The case against Quattrone was largely circumstantial, revolving around a brief e-mail he wrote to his staff in December 2000. The two-line missive encouraged his subordinates to comply with an e-mail sent by another banker a day earlier urging them to clean up their files.
Prosecutors said Quattrone had been trying to prod his technology banking team to destroy documents sought in investigations by the Securities and Exchange Commission and a federal grand jury. Those probes centered on whether his former firm, Credit Suisse First Boston, forced customers to pay outsized commissions -- basically kickbacks -- for shares of hugely profitable initial public stock offerings.
But there was no conclusive testimony or evidence that Quattrone had tried to block the federal investigations. The heavy reliance on the single e-mail left the jury feeling the government hadn’t proved its case, one juror said.
“There was no really hard evidence,” said Mayo Villalona, 27, a bank employee from Manhattan. “It was a two-line e-mail and it was empty.”
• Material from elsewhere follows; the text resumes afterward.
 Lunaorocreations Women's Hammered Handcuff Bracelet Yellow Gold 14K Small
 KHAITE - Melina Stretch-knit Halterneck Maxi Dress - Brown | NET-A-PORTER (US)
Frequently, obstruction cases involve repeated actions, such as the shredding of documents over an extended period.
Prosecutors labored to prove that Quattrone had known about the probes and considered them a threat to his Palo Alto-based tech banking empire. The most damaging evidence came when a former CSFB lawyer testified that he told Quattrone that the financier could become involved in the grand jury probe a mere eight hours before Quattrone sent his e-mail.
Prosecutors tried to use Quattrone’s success against him, at one point interrupting testimony from their own witness to tell jurors that Quattrone had earned as much as $120 million in a single year.
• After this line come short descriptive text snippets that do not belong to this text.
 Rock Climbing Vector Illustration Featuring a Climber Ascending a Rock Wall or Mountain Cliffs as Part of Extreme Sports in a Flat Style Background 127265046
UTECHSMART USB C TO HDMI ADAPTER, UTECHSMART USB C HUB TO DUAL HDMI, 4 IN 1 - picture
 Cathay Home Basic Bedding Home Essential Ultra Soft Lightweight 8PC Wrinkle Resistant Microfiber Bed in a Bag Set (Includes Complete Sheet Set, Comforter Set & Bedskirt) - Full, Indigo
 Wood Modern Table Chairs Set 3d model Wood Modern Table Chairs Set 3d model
Quattrone’s defense hinged on his repeated insistence that he had not been responsible for allocating IPO shares to investors, and thus had no motivation to obstruct the IPO probes.
A key moment came when Quattrone took the risky step of testifying on his own behalf. The move backfired when Quattrone admitted under grueling cross-examination by Peikin that he was involved in some IPO allocations -- contradicting the defense’s attempts to portray Quattrone’s role as hands-off.
During his cross-examination, Quattrone frequently parsed his answers, forcing Peikin to admonish him to answer his questions. That struck some jurors as evasive, and Quattrone may have been acquitted if he had not taken the stand, Villalona said.
“He did a bad job going up there,” Villalona said. “A lot of jurors said if he had not gone up there he would have been [found] not guilty on the spot.”
The trial was marked by repeated clashes between Keker and Owen, an 81-year-old jurist known for a pro-prosecution bent who repeatedly ruled in favor of the government.
Quattrone’s legal troubles are not over. He is under investigation by New York Atty. Gen. Eliot Spitzer. He also is fighting charges from the NASD, which regulates the securities industry.
Under the terms of his contract with CSFB, the securities firm is paying Quattrone’s legal bills. He will have to reimburse the firm if he is proved to have committed wrongdoing.